In the paper we also read the following: "It has been argued through analysis of misprints that only about 20% of authors citing a paper have actually read the original." If this is true, we can get a better understanding of why so much misinformation is floating around in neuroscience papers. We repeatedly have paper authors spreading legends of scientific achievement, which are abetted by incorrect paper citations often made by authors who have not even read the papers they are citing.
An article at Vox.com suggests that scientists are just as likely to make citations to bad research that can't be replicated as they are to make citations to good research. We read the following:
"The researchers find that studies have about the same number of citations regardless of whether they replicated. If scientists are pretty good at predicting whether a paper replicates, how can it be the case that they are as likely to cite a bad paper as a good one? Menard theorizes that many scientists don’t thoroughly check — or even read — papers once published, expecting that if they’re peer-reviewed, they’re fine. Bad papers are published by a peer-review process that is not adequate to catch them — and once they’re published, they are not penalized for being bad papers."

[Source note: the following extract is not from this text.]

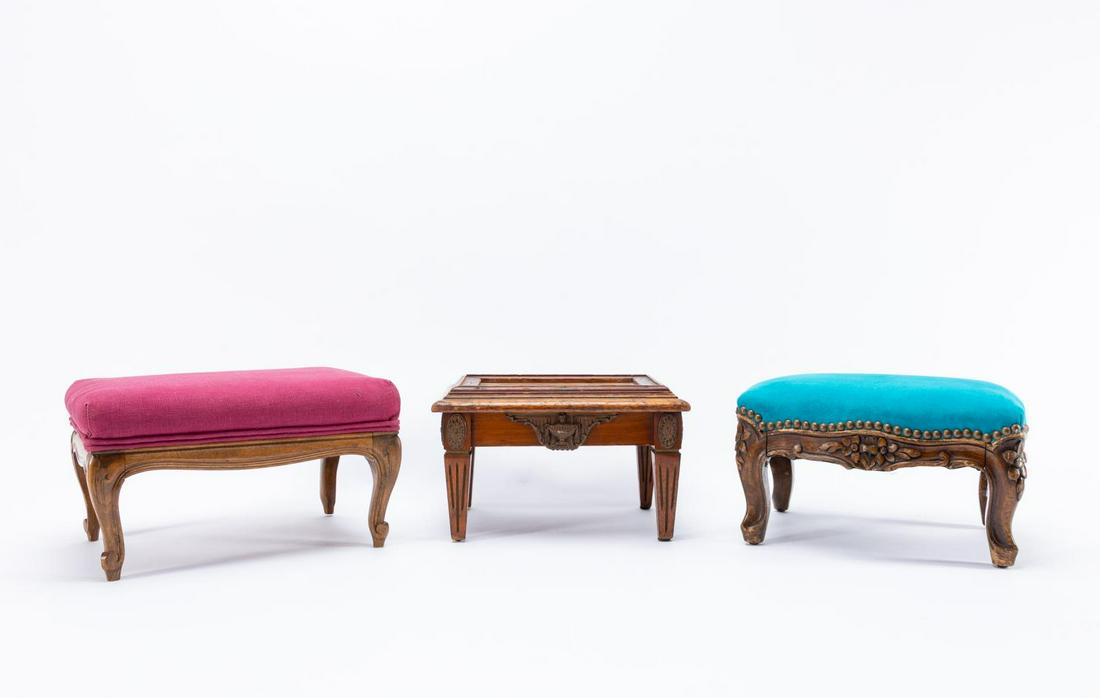 GROUP 3, FRENCH CARVED WOODEN DIMINUTIVE TABORETS: French, 20th century. Set of three diminutive taborets or footstools comprising: two in the Louis XV taste and one in the Louis XVI neoclassical taste with bronze mounts. Unmarked. Approx. h. 7.5", w.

The above suggests a good rule of thumb: when you read a science paper citing some other science paper, assume that it is as likely as not that the authors of the paper citing the other paper did not even read the other paper. Another good rule of thumb: be very skeptical of any claims you read in a neuroscience paper claiming that something is "well established" or "not controversial." Such claims are routinely made about things that have not been well established by observations.